Thursday, August 11, 2005

NYT and CATO Institute and some Republicans agree!


It is not often I agree with a New York Times Editorial (some of the Op-eds either) but today’s “America’s Summer of Discontent” is right on the money.


“When analysts and economic historians look back, this summer may well prove to be the turning point in Chinese-American relations, the time when America chose short-range paranoia over rational behavior. From the dozen or so proposals in Congress for across-the-board tariffs against Chinese imports to the Pentagon's rumblings about Chinese military buildups, the rhetoric from Washington keeps escalating. America seems to be on the run, fueled by the false perception that China's rapid economic rise poses an inevitable threat to the United States. By repeatedly demonizing China, Washington risks creating the hostility it fears.”

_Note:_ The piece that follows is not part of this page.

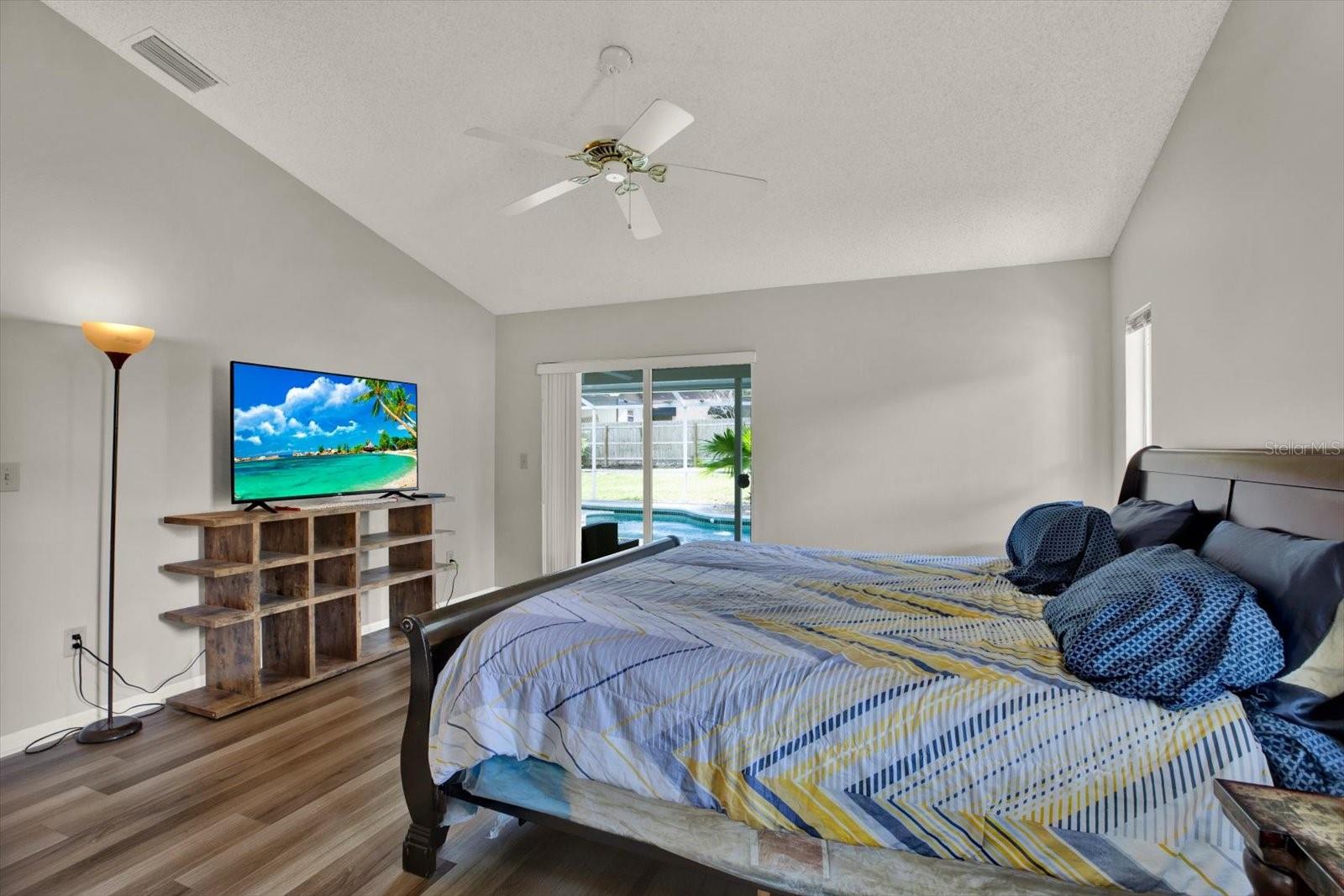 1805 TAWNEE PL — photo 23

That is exactly what I have been saying for sometime now about the distant protectionist drum beats, slightly muffled but persisting, right across the political spectrum from Democrats to Republican, including the inaptly named Adam Smith, a Representative from Washington State. Applying the genuine Adam Smith’s approach to trade we get a different take from the Congressman (and his Republican allies). The New York Times editorial puts the issues in perspective.

“The Chinese economic surge has been awesome. If America is going to respond to it reasonably, its leaders - and the public - will have to acknowledge the obvious: China is no longer a second-level economic power that can be bullied around. America's financial stability rests in no small way on the continued Chinese purchase of the government's debt.”

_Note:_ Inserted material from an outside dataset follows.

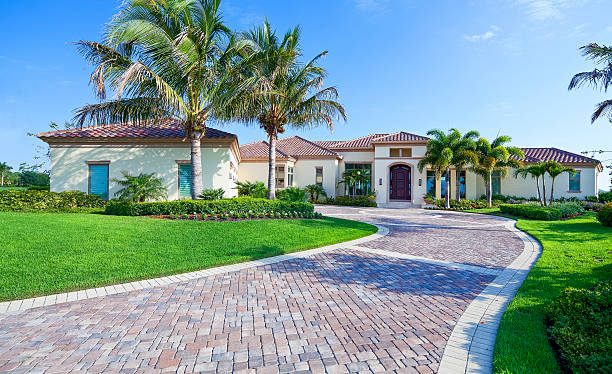 Best Commercial Driveway Pavers  in Scranton, PA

There is no limit to the extent which a misreading of national interest can lead a country into serious errors that damage its national interests. Likewise with individuals. Once a misreading is absorbed, errors follow. Sometimes the consequences of our actions produces benign results; other times they produce a vale of tears. There is no automatic invisible hand correcting our fallacies. To believe that there is, changes Adam Smith’s lonely metaphor into a religious miracle, when in fact it was just a literary metaphor, used sparingly (only three times – and not, please note, about markets).

The prosperity of a trading partner is never a threat to those with which it trades. Voluntary exchange is the alternative to violence both between persons and between nations. Adam Smith taught that. It is surely time others beside the New York Times and CATO Institute understood it too. (Now there is an unusual but welcome alliance!)